--- Your instructions ---
Leave out the pictures and repeat exactly the lines from the one containing "Car Decorative 3D" through the final line of the listing below.

--- Data block ---
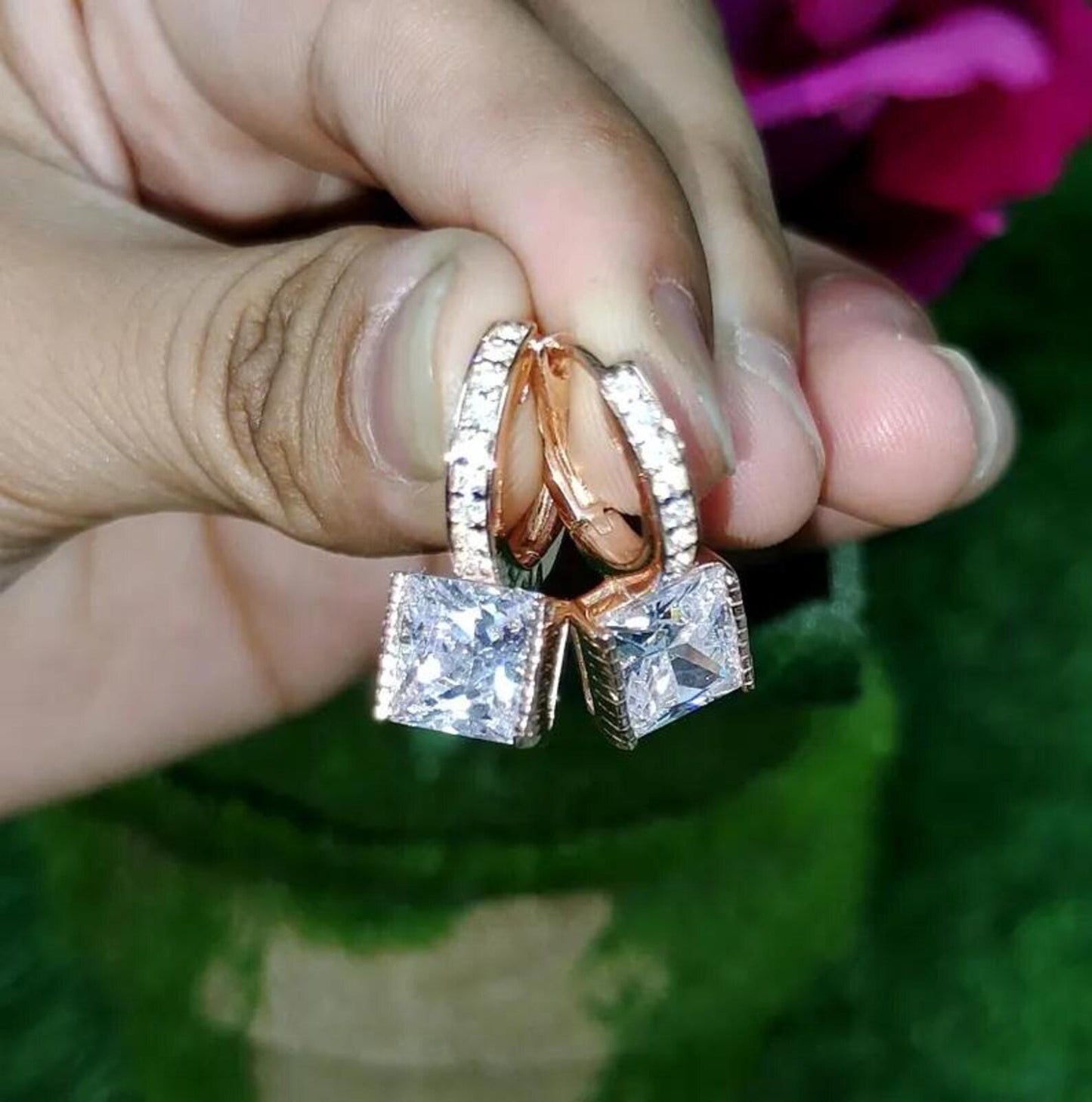 2Ct Princess Cut Simulated Diamond Drop Dangle Women's Earrings 14K Rose Gold Plated 925 Sterling Silver, Gift For Birthday Wear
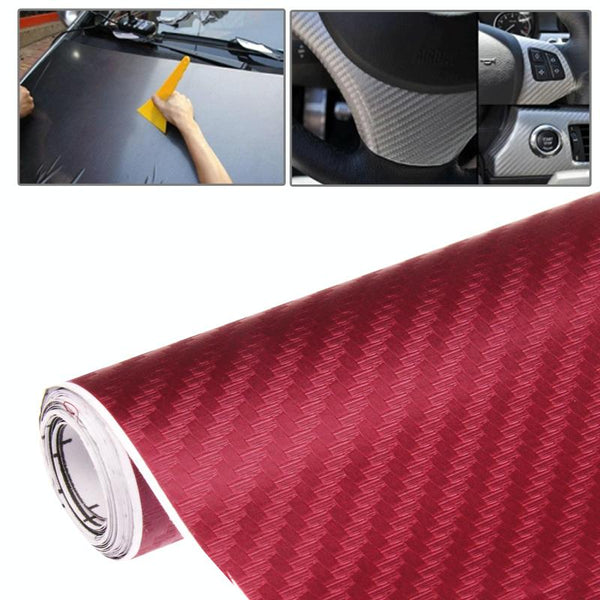 Car Decorative 3D Carbon Fiber PVC Sticker, Size: 127cm x 50cm(Red)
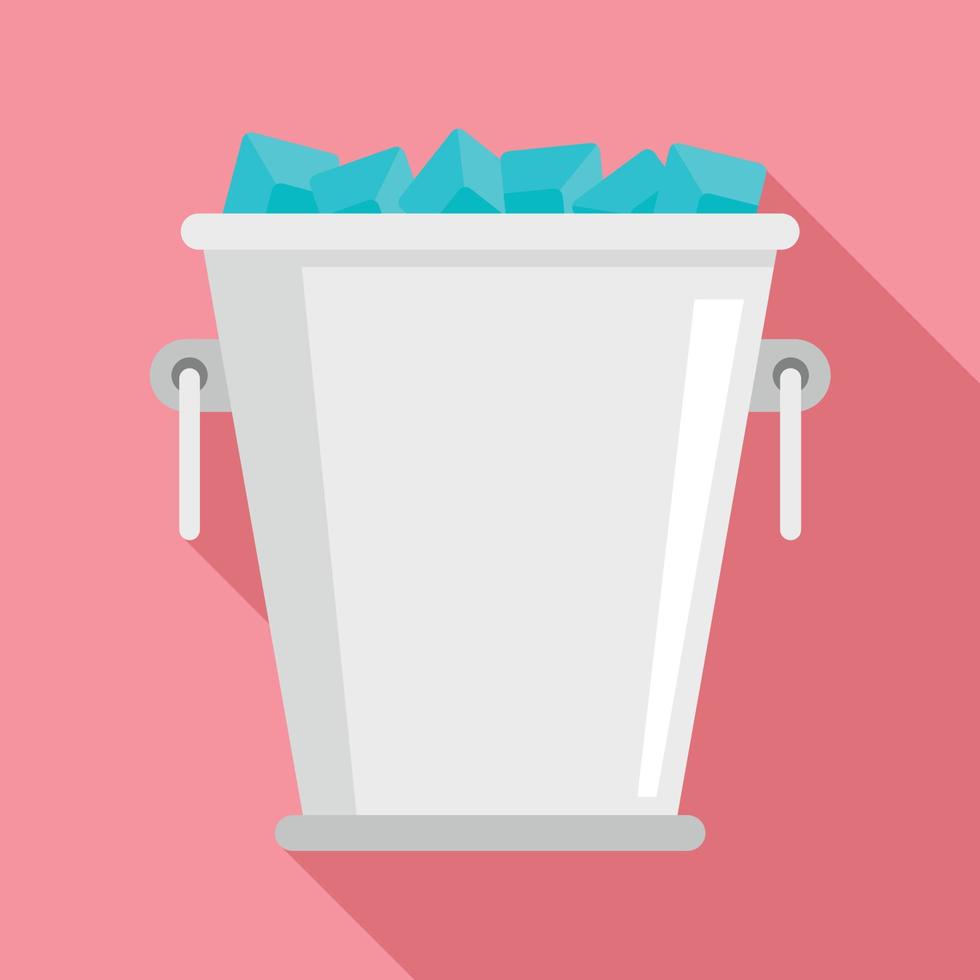 Ice metal bucket icon, flat style vector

--- Response box ---
 Car Decorative 3D Carbon Fiber PVC Sticker, Size: 127cm x 50cm(Red)
 Ice metal bucket icon, flat style vector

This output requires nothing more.